Editor’s note: This is the second of three parts on how to identify, cut, and manage bad debt. Read Part I here.

“You will never eliminate bad debt. Bad debt is not going away.”

So warned W. Christopher Johnson to a group of healthcare finance professionals at June’s annual conference of the Healthcare Financial Management Association. Johnson, vice president of revenue cycle management, regional facilities, for Carolinas Healthcare System joined Carolyn Swanson for an hour of straight talk about tracking and reducing bad debt.

According to Johnson, we are moving into a “perfect storm” of bad debt, where gross revenue is up, cash collection is up, but the percentage of collections against gross revenue is dropping. The causes?

  • Healthcare providers are buffeted by decreases in Medicare, Medicaid, managed care, and workers compensation.
  • The Patient Protection and Affordable Care Act is a wild card, but unlikely to have much impact.
  • The growth of high deductible plans are creating more financial stress. “What does that mean to us as a provider?” Johnson asks. “It means we have patients that have larger out-of-pocket expenses then they have ever had and they are not prepared to pay them and they do not understand what they signed up for.”
  • The Internal Revenue Service’s proposed 501R regulations constrain how providers interact with patients and how collections are handled.
  • Finally, “we are seeing wavering public support of hospitals,” Johnson says. In his home state of North Carolina, the public and press are painting hospitals as as “the guys that have all the money and the guys who overcharge us.

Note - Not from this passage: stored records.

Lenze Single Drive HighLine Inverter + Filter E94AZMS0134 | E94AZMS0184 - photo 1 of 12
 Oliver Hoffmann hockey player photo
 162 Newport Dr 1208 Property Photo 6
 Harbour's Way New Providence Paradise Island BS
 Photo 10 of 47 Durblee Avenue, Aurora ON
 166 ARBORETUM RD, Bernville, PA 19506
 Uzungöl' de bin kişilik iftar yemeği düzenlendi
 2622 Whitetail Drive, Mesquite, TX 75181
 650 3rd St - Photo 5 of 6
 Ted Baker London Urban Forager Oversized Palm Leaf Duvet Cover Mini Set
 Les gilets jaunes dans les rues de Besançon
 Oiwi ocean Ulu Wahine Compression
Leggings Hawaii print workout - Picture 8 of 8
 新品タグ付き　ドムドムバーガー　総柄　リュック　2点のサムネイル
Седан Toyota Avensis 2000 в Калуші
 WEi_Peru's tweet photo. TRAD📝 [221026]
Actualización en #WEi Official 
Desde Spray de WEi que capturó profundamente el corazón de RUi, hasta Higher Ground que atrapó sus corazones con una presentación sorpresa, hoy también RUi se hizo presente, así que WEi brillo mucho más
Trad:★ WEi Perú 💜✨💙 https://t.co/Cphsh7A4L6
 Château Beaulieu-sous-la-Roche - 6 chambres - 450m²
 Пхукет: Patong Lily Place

To better manage and control bad debt, Johnson walked through the best practices, business processes, and tools healthcare providers should have in place today and those that will be coming in the future:

  1. Pre-registration. According to Johnson, every organization should be pre-registering at least 98 percent of scheduled patients to zero in on their insurance status or their eligibility for financial assistance before they receive service.
  2. Point-of-service collections. In these days of higher deductibles and co-insurance, the more revenue collected up front, the better. When it comes to “self-pay after insurance,” says Johnson, “the public assumes and the politicians assume that people pay their bills after insurance pays.” Healthcare providers know differently, and the effort expended to collect balances upstream increases overall collections and reduces collection costs, he says.
  3. Registration quality measurement tool. “Patient Access is where it all starts,” says Johnson. There are numerous vendors that sell automated tools, “but if you can’t buy a tool, that’s not an excuse not to have some sort of process in place.” Even if it’s just selecting registrations by random, “you’ll identify trends” that will help you identify how to improve the registration process.
  4. Medicaid eligibility program. “In my organization, the one thing we know that has reduced bad debt is our Medicaid eligibility program,” says Johnson.